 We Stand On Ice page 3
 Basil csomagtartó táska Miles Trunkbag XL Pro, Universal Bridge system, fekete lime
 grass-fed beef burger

━━━━━━━━━━━━━━━━

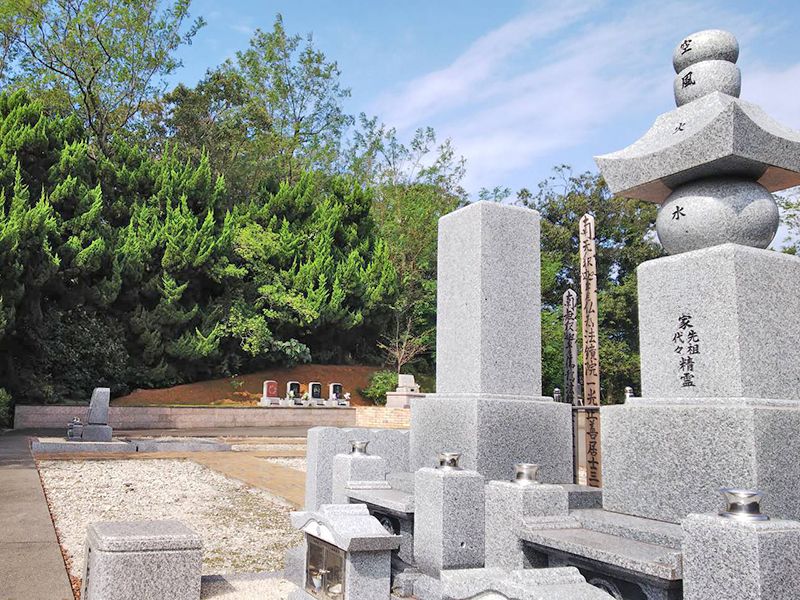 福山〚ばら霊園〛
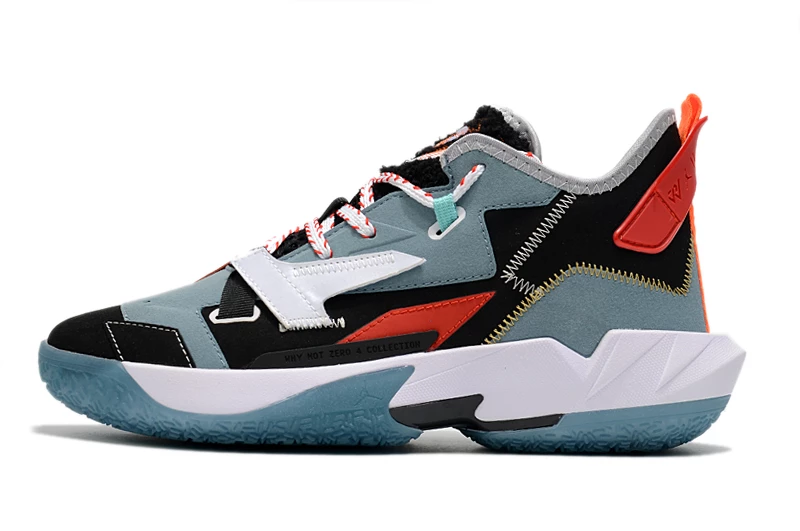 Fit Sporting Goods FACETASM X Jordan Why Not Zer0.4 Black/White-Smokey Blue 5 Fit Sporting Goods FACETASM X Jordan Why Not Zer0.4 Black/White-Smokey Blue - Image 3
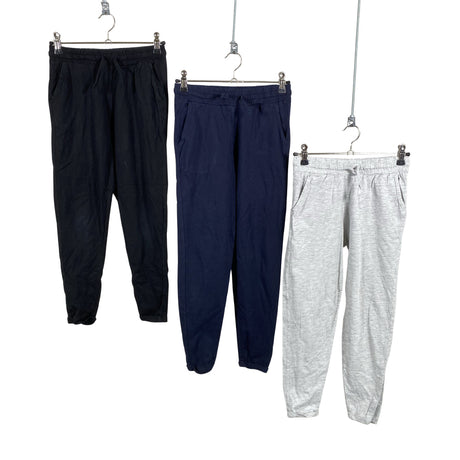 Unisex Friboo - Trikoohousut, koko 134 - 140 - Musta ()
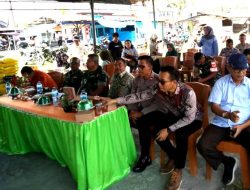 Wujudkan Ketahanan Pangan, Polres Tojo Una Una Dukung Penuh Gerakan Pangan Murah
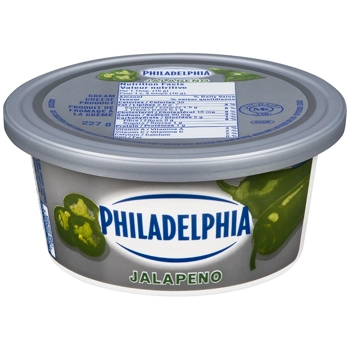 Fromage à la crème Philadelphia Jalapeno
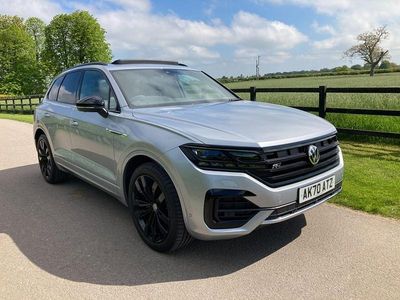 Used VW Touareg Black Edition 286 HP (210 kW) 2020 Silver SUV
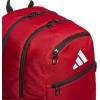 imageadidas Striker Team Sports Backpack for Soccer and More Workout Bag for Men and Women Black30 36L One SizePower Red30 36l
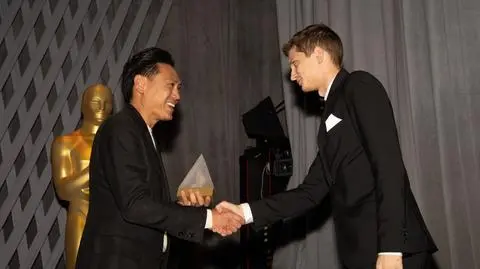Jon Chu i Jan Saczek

━━━━━━━━━━━━━━━━

#### REQUIRED WORK:
From the entries above, extract only the lines running from the one containing "We Stand On Ice page 3" through the one containing "grass-fed beef burger", inclusive.

#### SOLUTION:
 We Stand On Ice page 3
 Basil csomagtartó táska Miles Trunkbag XL Pro, Universal Bridge system, fekete lime
 grass-fed beef burger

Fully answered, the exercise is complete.